The origins of the SEP lie in the Socialist Workers Party (SWP) of the early 1960s. Tim Wohlforth was a youth leader in that party and was opposed to the course of the organisation. With others, including James Robertson, he formed a tendency within the SWP called the Revolutionary Tendency (RT). It developed links with Gerry Healy's Socialist Labour League in Britain.
The two main leaders of the RT had different evaluations of the SWP. Robertson's position led the SWP to expel him and his supporters first. Wohlforth's split the RT by remaining in the SWP. His supporters formed a group named the Reorganised Minority Tendency, but were themselves expelled a short while later. They then formed the American Committee of the Fourth International (ACFI) and became the United States section of the ICFI now dominated by Healy.
The ACFI grew throughout the 1960s along with every other leftist grouping. Many of its recruitment techniques were directly cribbed from those used by the Healyite WRP in Britain. Thus youth recruitment was based on drawing youth towards the group based on the organisation of events which combined entertainment and politics. Recruits were then encouraged to work for the group carrying out tasks at a frantic rate. The result was a high level of recruitment but the swift loss of most recruits through 'burnout'.
The ACFI was renamed the Workers League (WL) and did develop into a nationwide organisation of some hundreds of members.

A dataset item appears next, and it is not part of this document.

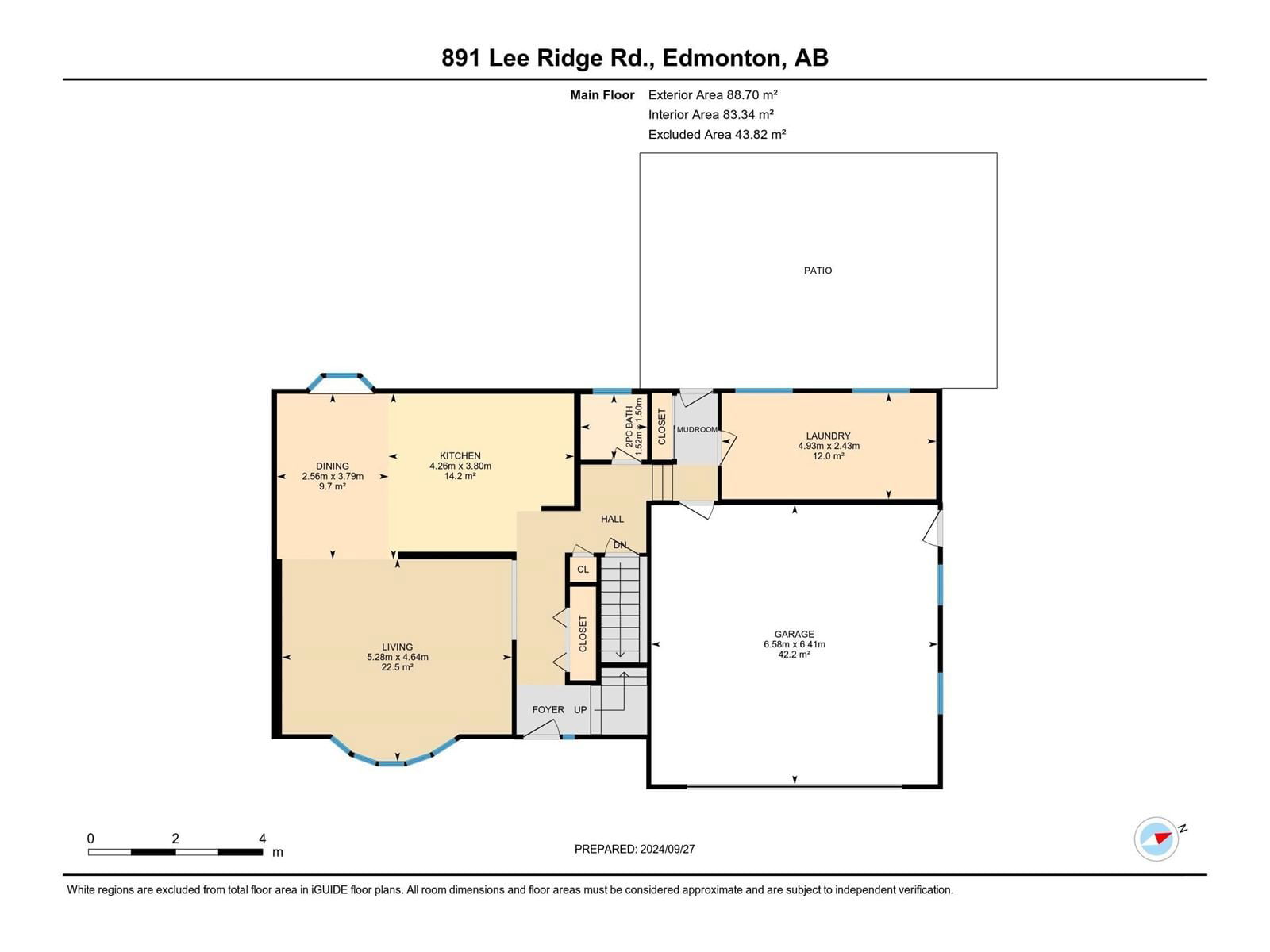 891 Lee Ridge Rd Nw Edmonton, Alberta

But if burnout was a problem for rank and file members it was a major problem for the leadership around Tim Wohlforth and Nancy Fields and a collapse developed in 1972. Having aped the British Healyites and basically subjected themselves to them when Healy decided that Wohlforth and Fields were no longer the right people to run the WL they had no defence. Therefore when Healy declared that Wohlforth and Fields were agents of the CIA all they could do was resign from the WL in abject defeat.
In the midst of turmoil in Healy's group, by then called the Workers Revolutionary Party, the group renamed itself the Socialist Equality Party in 1984. It is now based in Michigan and occasionally endorses presidential candidates; it most recently endorsed John Christopher Burton when he ran in the California recall. The party publishes a website called the World Socialist Web Site and an occasional journal, the World Socialist Web Site Review.